(DATA FOR REVIEW begins)

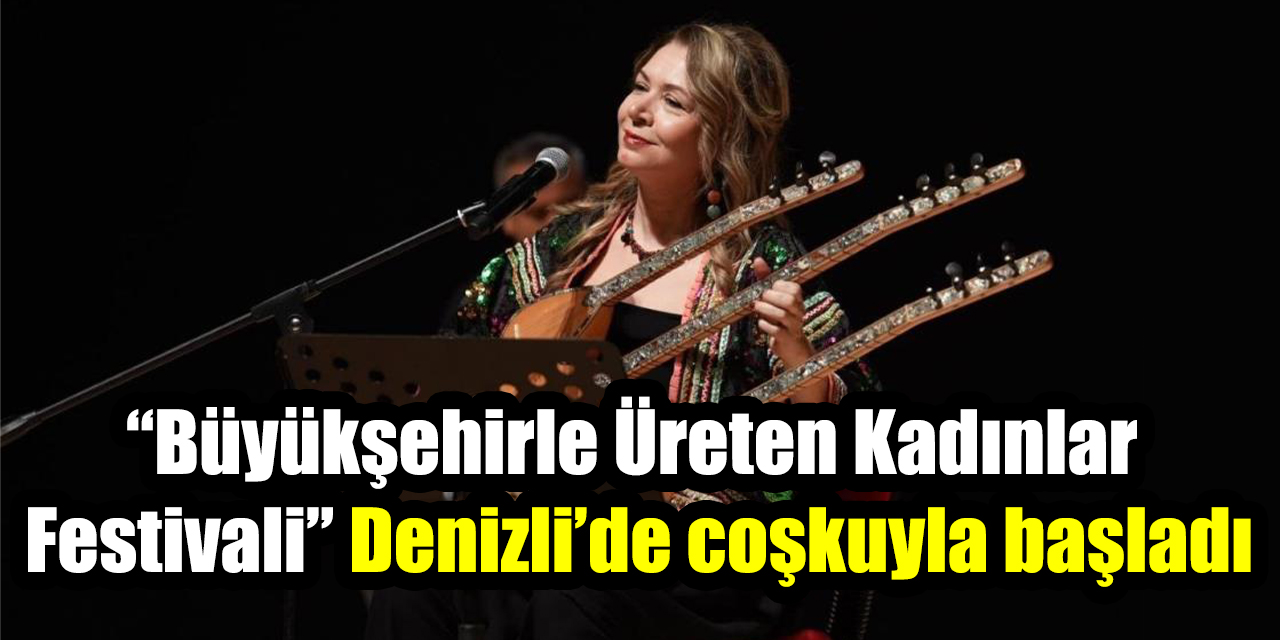 “Büyükşehirle Üreten Kadınlar  Festivali” Denizli’de coşkuyla başladı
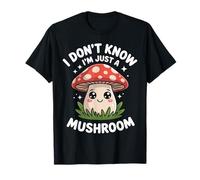 Funny Fly Agari I Don't Know I'm Just a Mushroom Cute Kawaii Maglietta
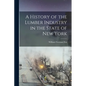 A History of the Lumber Industry in the State of New York - Paperback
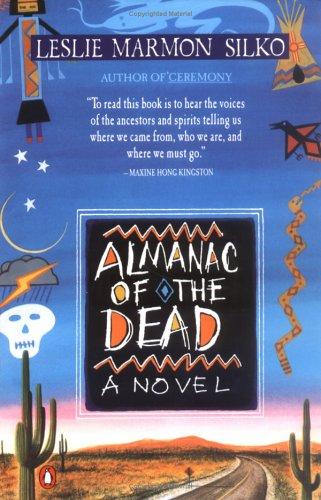 Leslie Marmon Silko: Almanac of the Dead (1992, Penguin Books)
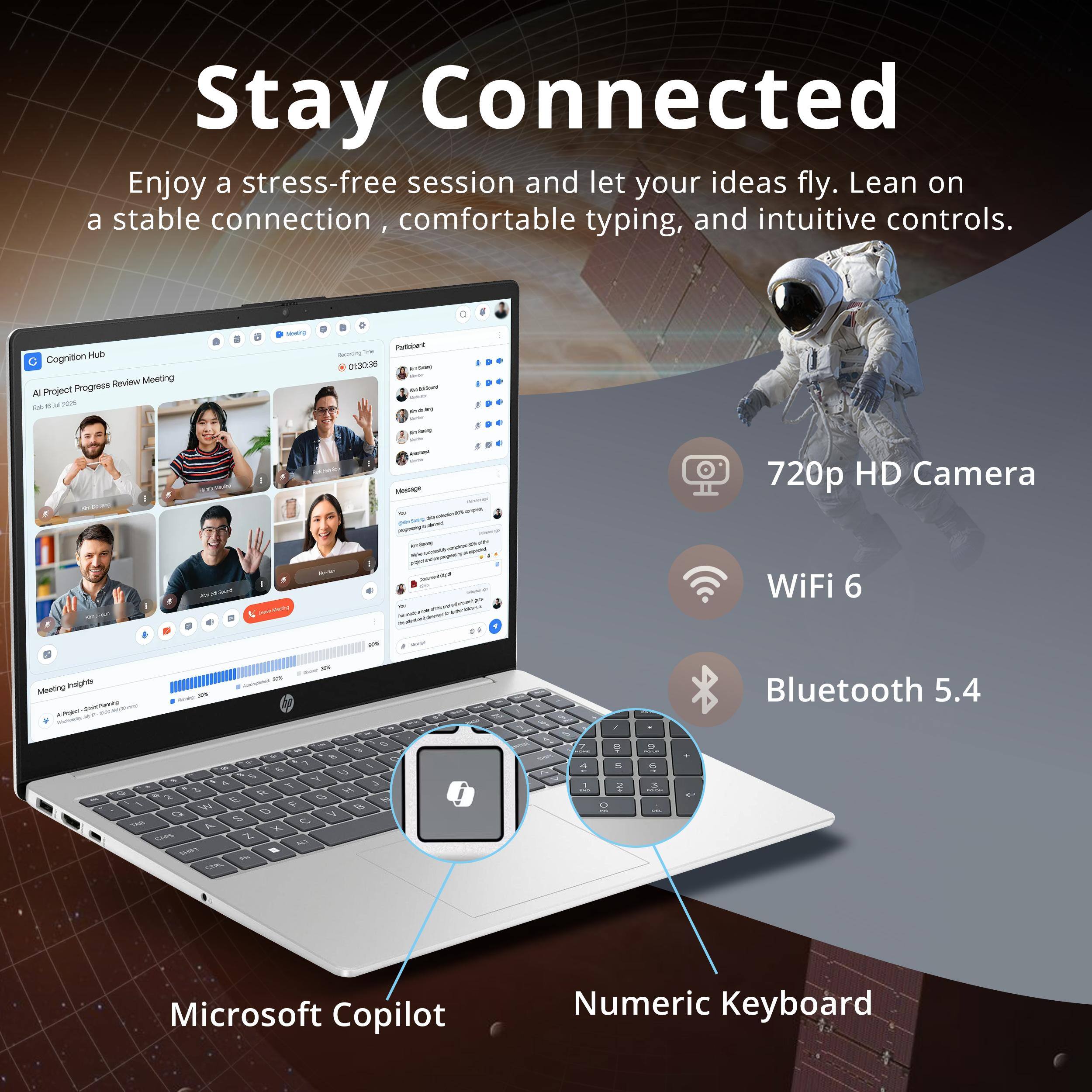 Stay Connected

Enjoy a stress-free session and let your ideas fly. Lean on a stable connection, comfortable typing, and intuitive controls.

- 720p HD Camera
- WiFi 6
- Bluetooth 5.4
- Microsoft Copilot
- Numeric Keyboard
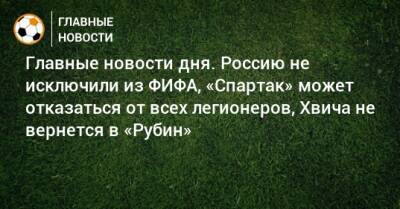 Главные новости дня. Россию не исключили из ФИФА, «Спартак» может отказаться от всех легионеров, Хвича не вернется в «Рубин» - bombardir.ru - Россия - Краснодар - Пакистан - Зимбабве - Катар - Сенегал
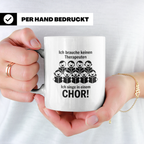 Chor Tasse mit Spruch Ich brauche keinen Therapeuten | Gesch – Weiß [farbe:weiß]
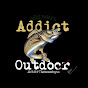 Addict Outdoor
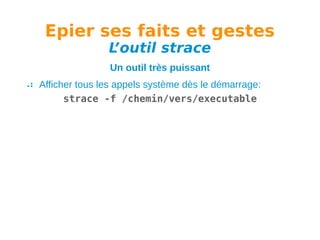 Epier ses faits et gestes
L
’outil strace
Un outil très puissant
Afficher tous les appels système dès le démarrage:
strace -f /chemin/vers/executable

(DATA FOR REVIEW ends)

• [ABOUT THIS EXERCISE]:
Retype all the data exactly; skip the pictures.

• [TASK OUTPUT]:
 “Büyükşehirle Üreten Kadınlar  Festivali” Denizli’de coşkuyla başladı
 Funny Fly Agari I Don't Know I'm Just a Mushroom Cute Kawaii Maglietta
 A History of the Lumber Industry in the State of New York - Paperback
 Leslie Marmon Silko: Almanac of the Dead (1992, Penguin Books)
 Stay Connected

Enjoy a stress-free session and let your ideas fly. Lean on a stable connection, comfortable typing, and intuitive controls.

- 720p HD Camera
- WiFi 6
- Bluetooth 5.4
- Microsoft Copilot
- Numeric Keyboard
 Главные новости дня. Россию не исключили из ФИФА, «Спартак» может отказаться от всех легионеров, Хвича не вернется в «Рубин» - bombardir.ru - Россия - Краснодар - Пакистан - Зимбабве - Катар - Сенегал
 Chor Tasse mit Spruch Ich brauche keinen Therapeuten | Gesch – Weiß [farbe:weiß]
 Addict Outdoor
 Epier ses faits et gestes
L
’outil strace
Un outil très puissant
Afficher tous les appels système dès le démarrage:
strace -f /chemin/vers/executable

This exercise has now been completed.